Short web captions:
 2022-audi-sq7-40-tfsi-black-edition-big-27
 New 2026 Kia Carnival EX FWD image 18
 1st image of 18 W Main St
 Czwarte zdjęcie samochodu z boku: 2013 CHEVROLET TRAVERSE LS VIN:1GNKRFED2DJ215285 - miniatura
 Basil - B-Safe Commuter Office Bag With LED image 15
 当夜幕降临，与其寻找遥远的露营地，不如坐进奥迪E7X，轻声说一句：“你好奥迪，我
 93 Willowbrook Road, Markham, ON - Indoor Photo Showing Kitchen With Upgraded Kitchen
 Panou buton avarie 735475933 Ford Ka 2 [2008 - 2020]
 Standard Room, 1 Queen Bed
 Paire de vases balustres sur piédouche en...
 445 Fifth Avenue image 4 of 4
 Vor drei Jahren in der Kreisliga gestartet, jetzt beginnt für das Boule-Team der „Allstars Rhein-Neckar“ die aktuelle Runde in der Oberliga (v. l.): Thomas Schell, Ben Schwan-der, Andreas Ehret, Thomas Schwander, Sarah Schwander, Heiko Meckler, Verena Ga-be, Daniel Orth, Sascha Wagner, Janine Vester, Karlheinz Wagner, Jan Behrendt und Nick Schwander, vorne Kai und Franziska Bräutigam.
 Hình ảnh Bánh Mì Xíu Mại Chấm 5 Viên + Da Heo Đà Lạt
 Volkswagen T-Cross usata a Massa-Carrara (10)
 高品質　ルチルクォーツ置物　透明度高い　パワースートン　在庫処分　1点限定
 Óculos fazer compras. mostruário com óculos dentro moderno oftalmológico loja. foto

— Task statement —
When you transcribe the records above, keep every line exactly the same.

— Response to this exercise —
 2022-audi-sq7-40-tfsi-black-edition-big-27
 New 2026 Kia Carnival EX FWD image 18
 1st image of 18 W Main St
 Czwarte zdjęcie samochodu z boku: 2013 CHEVROLET TRAVERSE LS VIN:1GNKRFED2DJ215285 - miniatura
 Basil - B-Safe Commuter Office Bag With LED image 15
 当夜幕降临，与其寻找遥远的露营地，不如坐进奥迪E7X，轻声说一句：“你好奥迪，我
 93 Willowbrook Road, Markham, ON - Indoor Photo Showing Kitchen With Upgraded Kitchen
 Panou buton avarie 735475933 Ford Ka 2 [2008 - 2020]
 Standard Room, 1 Queen Bed
 Paire de vases balustres sur piédouche en...
 445 Fifth Avenue image 4 of 4
 Vor drei Jahren in der Kreisliga gestartet, jetzt beginnt für das Boule-Team der „Allstars Rhein-Neckar“ die aktuelle Runde in der Oberliga (v. l.): Thomas Schell, Ben Schwan-der, Andreas Ehret, Thomas Schwander, Sarah Schwander, Heiko Meckler, Verena Ga-be, Daniel Orth, Sascha Wagner, Janine Vester, Karlheinz Wagner, Jan Behrendt und Nick Schwander, vorne Kai und Franziska Bräutigam.
 Hình ảnh Bánh Mì Xíu Mại Chấm 5 Viên + Da Heo Đà Lạt
 Volkswagen T-Cross usata a Massa-Carrara (10)
 高品質　ルチルクォーツ置物　透明度高い　パワースートン　在庫処分　1点限定
 Óculos fazer compras. mostruário com óculos dentro moderno oftalmológico loja. foto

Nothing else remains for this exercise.